January 11, 2022

Memórias

 


A ler aquele artigo sobre a Ivy League americana, lembrei-me duma situação que já tinha esquecido. Quando acabei o Liceu, como então se chamava, fui fazer exame oral a História. À minha frente estava um colega da turma, que por acaso morava na mesma rua que eu. Vinha acompanhado do seu explicador pessoal, nem mais nem menos que um assistente do pai dele, um historiador, professor universitário. O explicador apresentou-se. Falou nos seus conhecimentos pessoais, entre os quais Oliveira Marques, o historiador fetiche de então. Os professores do júri cumprimentaram-no. Esse colega passou com uma grande nota. 

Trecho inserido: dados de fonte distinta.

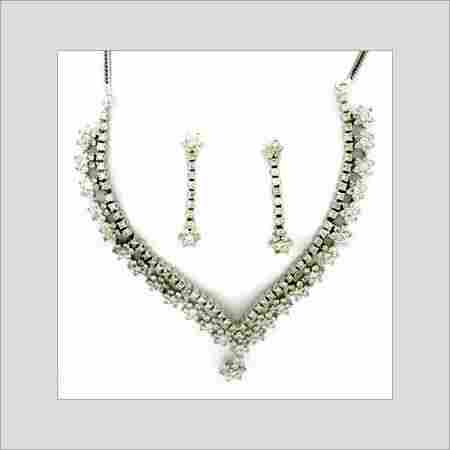 Diamond Beaded Necklaces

Isto foi pouco tempo depois do 25 de Abril, quando a maioria dos alunos no Liceu ainda eram, na esmagadora maioria os filhos de uma classe média e classe alta. Não havia alunos da classe média baixa, que agora são a grande maioria. Na minha turma havia netos de grandes figuras do regime deposto. Mesmo assim, muitos alunos passavam por mérito dos explicadores que os pais contratavam. Isso não mudou, só que agora, essas pessoas põem os filhos em colégios particulares, onde estão os filhos dos outros que pertencem à mesma rede de conhecimentos e se protegem uns aos outros, de maneira a não ser preciso mérito para ter sucesso na vida, embora muito o tenham mesmo, pois vêm sendo embalados e alimentados desde o berço num meio cultural rico, o que faz toda a diferença.

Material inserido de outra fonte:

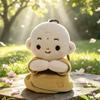 Cute Buddhist Monk Plush Keychain Cartoon Little Monk Stuffed Animal Pendant Zen Figure Key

Quando olhamos para a iniciativa privada do país: a banca, as indústrias que declararam falências fraudulentas no tempo da troika, os CTT, que desde que foram privatizados prestam um mau serviço (li que fizeram um contrato com o Estado mas ninguém sabe os termos do contrato, é um segredo... pergunto se mete pedincha de dinheiro), as empresas do retalho, o que vemos são administradores incompetentes sempre a pedinchar ajuda que custam milhares de milhões ao Estado e nunca são responsabilizados; administradores sem escrúpulos que despedem sem escrúpulos os trabalhadores para vender tudo ao desbarato; administradores sem escrúpulos  que pagam um salário miserável aos trabalhadores, despedem-nos, roubam os fornecedores, pagam-lhes com atrasos de seis e mais meses... sempre com o apoio do Estado a quem pedincham por tudo e por nada, a quem os bancos dão créditos de borla a que o comum do cidadão não tem acesso, por muito mérito que tenha. Pode dizer-se, 'ah mas o cidadão não tem garantias para os créditos'. Pois, os outros também não os têm (como se vê pelas dívidas incobráveis - ainda ontem li que foram perdoados em nosso nome, pela Parvalorem, mais de 80 milhões a um desses caloteiros), o que têm são amigos nos governos.

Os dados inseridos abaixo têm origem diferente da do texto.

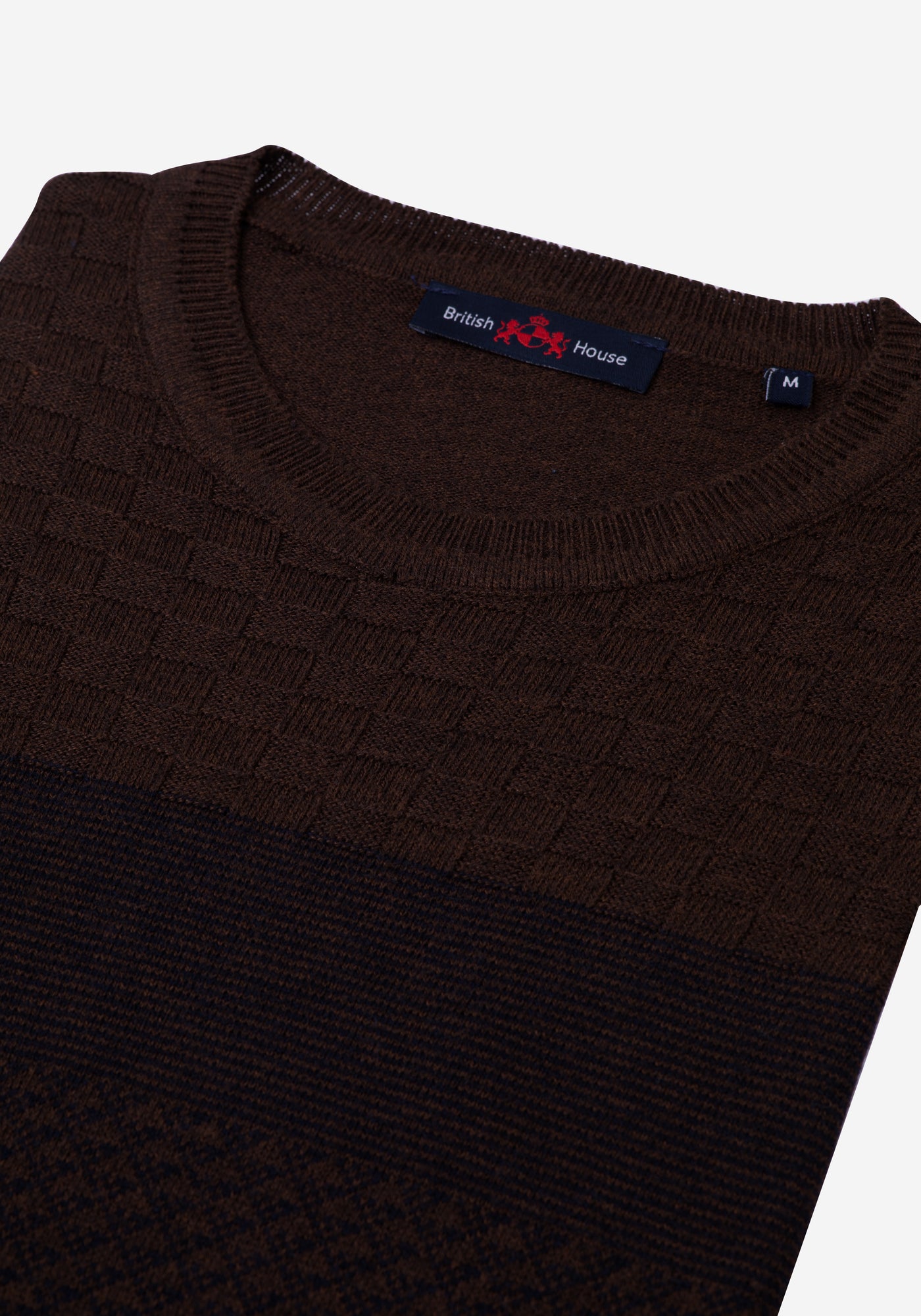 Brown Cotton Viscose Pullover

Onde está o mérito e a competência dos privados? Há os que o têm e os que não o têm, nem mesmo com todas as vantagens económicas, sociais e culturais em que nascem... No público também há os que não têm nenhuma vantagem e não consegue ultrapassar esse atraso e há os que o têm, mesmo tendo que competir com os outros que nasceram e cresceram sempre almofadados por papás que compram o seu mérito.

Porque é que a saúde e a educação estão como estão? Porque as nossas 'elites' incompetentes têm dado cabo delas com as suas políticas incompetentes de negócio e lucro.